La Tribunal de l'ONU conclut au génocide à Srebrenica et condamne un commandant serbe à 35 ans de prison

19 avril 2004

Les forces serbes de Bosnie ont commis un génocide contre les Musulmans de Bosnie, a conclu aujourd'hui la Chambre d'appel du Tribunal pénal pour l'ex-Yougoslavie (TPIY), qui a condamné Radislav Krstic, le commandant du corps de la Drina, à 35 ans de prison.

« …les forces serbes de Bosnie ont commis un génocide contre les Musulmans de Bosnie. (…) Ceux qui conçoivent et commettent le génocide cherchent à priver l'humanité des innombrables richesses qu'offrent ses nationalités, races, ethnies et religions. Il s'agit d'un crime contre le genre humain dans son intégralité, qui touche non seulement le groupe dont on cherche la destruction mais aussi l'humanité toute entière », stipule l'arrêt rendu aujourd'hui par la Chambre d'appel du TPIY.

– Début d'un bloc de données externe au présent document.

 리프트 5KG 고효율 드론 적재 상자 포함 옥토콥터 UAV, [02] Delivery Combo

La Chambre a également jugé que « …Radislav Krstic savait qu'en permettant l'utilisation des moyens du Corps de la Drina, il contribuait grandement à l'exécution des prisonniers musulmans de Bosnie », indique un communiqué de presse du tribunal publié aujourd'hui.

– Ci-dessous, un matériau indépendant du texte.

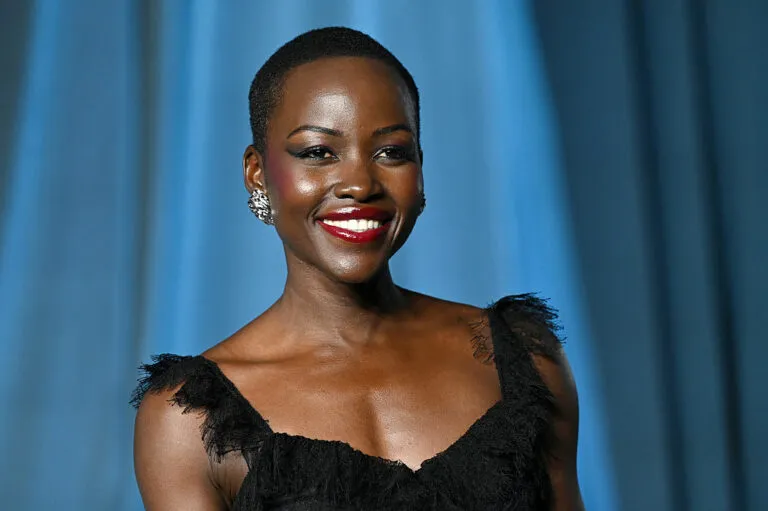 Η Οδύσσεια του Christopher Nolah: Η Lupita Nyong’o η επικρατέστερη ηθοποιός για τον ρόλο της «Ωραίας Ελένης»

« Bien que les éléments de preuve présentés laissent à penser que Radislav Krstic n'était pas partisan de ce plan, en sa qualité de commandant du corps de la Drina, il a permis à l'état-major principal de faire usage des moyens du Corps », poursuit l'arrêt de la Chambre d'appel, qui a condamné à l'unanimité Radislav Krstic à une peine de 35 années d'emprisonnement.

L'arrêt rappelle que la ville de Srebrenica qui se trouve en Bosnie-Herzégovine orientale, a donné son nom à une « zone de sécurité » de l'ONU, une « enclave créée pour mettre la population civile de la ville à l'abri de la guerre qui faisait rage alentour ».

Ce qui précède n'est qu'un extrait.